On the way home down a quiet country lane, we stopped the car for a Hoopoe. It wandered unconcernedly along the road for some minutes, eventually flapping away with its distinctive ‘butterfly’ flight to a telegraph wire. A Kestrel landed on the same telegraph wire nearby, then hovered over some long grass.
At 7pm, a very large Violet Ground Beetle, Carabus violaceus, about 30mm long, splendidly iridescent with a blue-black gloss, clambered up the wall of the house.
A Blackcap treated us to late-season bursts of musical song, brief but fluty. A Great Green Bush-Cricket fluttered a foot over the lawn, legs trailing like a wading bird’s, its four wings beating hard to keep its long body airborne. And a Wall Butterfly visited what I’ll have to call the Butterfly Flowerbed with its mix of flowering lavenders and thyme.
I disturbed a Passenger Moth while digging. This Noctuid moth’s pattern is reminiscent of the Meal Moth, a micro. The weather is as cool as Scotland: 14 or 15 degrees, ideal for working. Tomorrow is predicted to get to 30 degrees, at last.
A large green European Tree-Frog was roosting high on a door.
A good-sized picture-winged fly with a yellow head landed on my arm, seemingly trying to bite.
Richard Kerridge’s personal story of life with cold-blooded animals (he wisely doesn’t say ‘poikilothermic’ anywhere) tells how he makes contact with nature for comfort at times of crisis – the first snog with a girlfriend after spotting a Grass Snake, delicately and wittily narrated; or the escapes from his troubled father, who has recurring nightmares of being again in a tank battle in Normandy.

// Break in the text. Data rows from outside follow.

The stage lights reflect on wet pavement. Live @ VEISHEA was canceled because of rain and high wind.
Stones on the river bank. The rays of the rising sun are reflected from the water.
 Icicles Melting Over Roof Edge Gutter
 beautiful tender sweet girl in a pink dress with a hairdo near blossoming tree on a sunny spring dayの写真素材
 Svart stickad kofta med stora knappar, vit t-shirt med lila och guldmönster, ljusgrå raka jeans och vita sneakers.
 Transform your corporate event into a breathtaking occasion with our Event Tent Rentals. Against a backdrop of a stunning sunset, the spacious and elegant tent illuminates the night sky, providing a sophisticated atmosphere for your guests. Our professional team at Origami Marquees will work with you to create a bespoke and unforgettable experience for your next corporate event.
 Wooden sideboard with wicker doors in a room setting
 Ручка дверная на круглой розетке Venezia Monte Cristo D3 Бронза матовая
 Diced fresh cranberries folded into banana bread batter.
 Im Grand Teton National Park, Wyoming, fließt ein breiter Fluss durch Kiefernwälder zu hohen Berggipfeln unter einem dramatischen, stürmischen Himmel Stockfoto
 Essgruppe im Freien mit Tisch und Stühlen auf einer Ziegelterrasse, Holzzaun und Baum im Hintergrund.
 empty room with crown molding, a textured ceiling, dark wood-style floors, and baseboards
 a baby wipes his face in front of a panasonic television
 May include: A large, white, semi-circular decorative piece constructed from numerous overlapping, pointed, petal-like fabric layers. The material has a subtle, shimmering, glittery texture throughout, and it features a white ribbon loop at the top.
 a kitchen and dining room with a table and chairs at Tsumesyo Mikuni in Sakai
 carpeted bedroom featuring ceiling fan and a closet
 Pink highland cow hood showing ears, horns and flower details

It’s a skilfully told story, with interesting facts about Britain’s native newts, frogs, lizards and snakes, interspersed with personal encounters, mainly from Kerridge’s boyhood, when it was still possible for boys to find, catch and keep these now heavily-protected animals in and around London. It is a shock to realize that Natterjack Toads, now confined to a few wardened sites in the whole of Britain, were a century ago common even in the capital, and everybody knew and seemingly liked their call. Thursley Thrushes, was one of their names: Thursley remaining a fine place for lizards, but sadly too acid for the little toads – did acid rain combine with the natural acidity of the bogs there? All these events are complex and too little known.
I really enjoyed the boyhood adventures, and the boy’s mixed feelings on jumping on a pregnant lizard, only for her to shed her tail, leaving an unhappily bloody stump, a wriggling tail, and disappointment. Kerridge is very good on such moments. I’m less sure I really needed his agonies with his father: not quite convinced there was any organic connection with whatever the wildlife did. Perhaps he was trying a little too hard to make it all into a single story: life can just be untidy. But the fifty-year sweep from the sixties to now, from confused but reptile-rich childhood to mature enjoyment of nature and sober reflection on how much has been lost, is well done. ‘Field herping’ (herpetologising, i.e. finding and photographing reptiles by disturbing them, flipping up stones and the like) is a new term to me: and the fact that it’s illegal in Britain, and pretty much futile given how few species we have, and how rare they have become, triggers another melancholy moment. It’s a matter of everyone’s experience that there is more to see on the continent: that nature in our country is seriously damaged, despite our extraordinary concentration of nature-lovers.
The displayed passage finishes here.